Первый возобновил теорию Ф.Г. Штрубе де Пирмонт, «умершую» от возражений Карамзина, второй несколько раз перемещал руссов то в Родслаген, то в Ютландию, то в Ольденбург, а третий все отмалчивается и не говорит, где, как он считает, находилась родина варяжской руси. Но пока «немецкая историческая школа» смотрит на Север и говорит, что «будто бы норманны вложили дух жизни в огромный, глухой и неведомый русский мир», М.Т. Каченовский оставил «это бесплодное для русской истории направление» и обратил внимание на Южную Балтику, видя в ваграх, обитавших в Вагрии, варягов (указав при этом на одно из наименований жителей острова Рюген - Rusi), что сулит русской истории глубокое разрешение «вопроса: откуда Русь? Когда и какие государственные стихии принесены ею для русской истории». А в отношении распространенного в то время аргумента, овеянного авторитетом Шлецера, Морошкин заметил: «Варяги-русь пришли из-за моря; следовательно, они пришли из Скандинавии. Вот силлогизм шлецериан!»[211].
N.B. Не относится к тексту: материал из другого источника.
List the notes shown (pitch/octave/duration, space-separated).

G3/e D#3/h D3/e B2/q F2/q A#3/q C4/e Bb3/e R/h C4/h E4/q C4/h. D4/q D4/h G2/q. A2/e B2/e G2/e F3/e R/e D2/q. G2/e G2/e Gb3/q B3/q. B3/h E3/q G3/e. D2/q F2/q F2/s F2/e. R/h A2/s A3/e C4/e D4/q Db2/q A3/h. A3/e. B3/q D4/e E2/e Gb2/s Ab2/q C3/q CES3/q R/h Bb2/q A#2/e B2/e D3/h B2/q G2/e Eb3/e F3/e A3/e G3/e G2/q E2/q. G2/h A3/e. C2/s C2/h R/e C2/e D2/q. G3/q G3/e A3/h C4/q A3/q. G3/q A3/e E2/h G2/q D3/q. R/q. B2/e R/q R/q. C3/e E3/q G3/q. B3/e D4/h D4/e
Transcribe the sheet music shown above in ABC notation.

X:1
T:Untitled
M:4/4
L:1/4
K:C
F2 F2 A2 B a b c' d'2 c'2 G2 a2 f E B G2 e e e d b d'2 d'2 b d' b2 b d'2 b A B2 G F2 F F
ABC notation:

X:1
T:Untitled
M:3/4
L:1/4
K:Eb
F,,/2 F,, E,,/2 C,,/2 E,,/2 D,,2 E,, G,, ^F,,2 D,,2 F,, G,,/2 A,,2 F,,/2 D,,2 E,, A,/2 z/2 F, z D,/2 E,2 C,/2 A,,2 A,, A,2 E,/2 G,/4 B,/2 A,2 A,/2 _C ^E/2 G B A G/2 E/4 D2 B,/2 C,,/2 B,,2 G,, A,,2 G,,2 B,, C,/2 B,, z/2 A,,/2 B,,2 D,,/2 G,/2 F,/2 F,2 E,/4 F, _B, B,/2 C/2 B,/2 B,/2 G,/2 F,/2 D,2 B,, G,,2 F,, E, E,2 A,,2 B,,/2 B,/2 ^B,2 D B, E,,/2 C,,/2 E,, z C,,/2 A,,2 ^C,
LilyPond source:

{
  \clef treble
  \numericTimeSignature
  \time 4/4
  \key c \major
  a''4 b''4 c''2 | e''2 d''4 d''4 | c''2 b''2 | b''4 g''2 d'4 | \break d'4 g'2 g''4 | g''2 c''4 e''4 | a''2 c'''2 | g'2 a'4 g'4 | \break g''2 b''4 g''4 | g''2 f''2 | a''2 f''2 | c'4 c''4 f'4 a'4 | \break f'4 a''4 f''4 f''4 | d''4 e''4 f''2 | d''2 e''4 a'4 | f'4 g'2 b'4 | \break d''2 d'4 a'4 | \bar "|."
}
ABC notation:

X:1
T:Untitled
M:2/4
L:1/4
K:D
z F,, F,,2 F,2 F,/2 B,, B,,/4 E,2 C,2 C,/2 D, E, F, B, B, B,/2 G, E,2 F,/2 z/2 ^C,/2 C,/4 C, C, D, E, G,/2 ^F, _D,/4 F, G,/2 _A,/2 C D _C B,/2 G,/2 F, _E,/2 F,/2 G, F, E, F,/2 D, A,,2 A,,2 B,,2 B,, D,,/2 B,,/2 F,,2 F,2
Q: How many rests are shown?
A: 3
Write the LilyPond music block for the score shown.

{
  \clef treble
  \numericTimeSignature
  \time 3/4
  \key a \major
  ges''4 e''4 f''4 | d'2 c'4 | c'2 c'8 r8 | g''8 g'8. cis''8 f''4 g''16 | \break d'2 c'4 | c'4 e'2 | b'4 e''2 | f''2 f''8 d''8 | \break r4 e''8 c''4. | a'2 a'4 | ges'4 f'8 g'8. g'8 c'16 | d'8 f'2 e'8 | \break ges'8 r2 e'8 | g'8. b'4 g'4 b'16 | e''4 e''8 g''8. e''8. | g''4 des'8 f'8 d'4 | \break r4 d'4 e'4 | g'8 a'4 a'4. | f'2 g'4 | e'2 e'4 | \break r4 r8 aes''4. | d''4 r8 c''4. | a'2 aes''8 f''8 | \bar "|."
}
В том же 1842 г. С.АБурачек, критикуя первый том «Истории русского народа» Н.А.Полевого, указывал, что в фундаменте этого сочинения лежат мнения разных исторических школ: скептиков, Шеллинга, Тьери и т. д. («с миру по нитке и - вышла эклектическая система») и что «из этой эклектической мешанины необходимо вышел непрерывный ряд ошибок, заблуждений и противоречий самому себе». Рецензент подчеркивает, что Полевой «поверил на слово заморским толкователям», что русский народ появился только в середине IX в. и что если бы он взял на себя труд исследовать спорные места, то не основывался бы на «ложной ипотезе о скандинавстве руссов»» и из истории русского народа не сделал бы «скандинавскую сагу», что он «смелой кистью сочиняет» историю древней Скандинавии «и на этом сочинении основывает свою Историю Р. Н.».
Касаясь слов Полевого, что «скандинавские князья срубили много городов, и всем им дали славянские имена», Бурачек с оправданной иронией сказал: «Чудаки эти скандинавы!». Также совершенно правомерно он отметил, что скандинавы не могли поклоняться славянским божествам: «...Они клялись бы Одином, Тором, а не Перуном», божеством балтийских и восточных славян, и что византийцы до Рюрика называли Черное море «Русским морем». Параллельно с тем Бурачек дает оценки некоторым историкам: не довольно образованный Манкиев, Эмин, но трудолюбивый Татищев, что Миллер оказал значительные услуги русской истории собиранием материала, что Карамзин, «увлеченный Шлецером, не слишком выгодно отзывался о Татищеве», хотя тот пользовался многими источниками, впоследствии утраченными, что «доказательством исторического здравомыслия Ломоносова служит то, что он один, без всяких пособий восстал против скандинавщины, ныне совершено обличенной»[212].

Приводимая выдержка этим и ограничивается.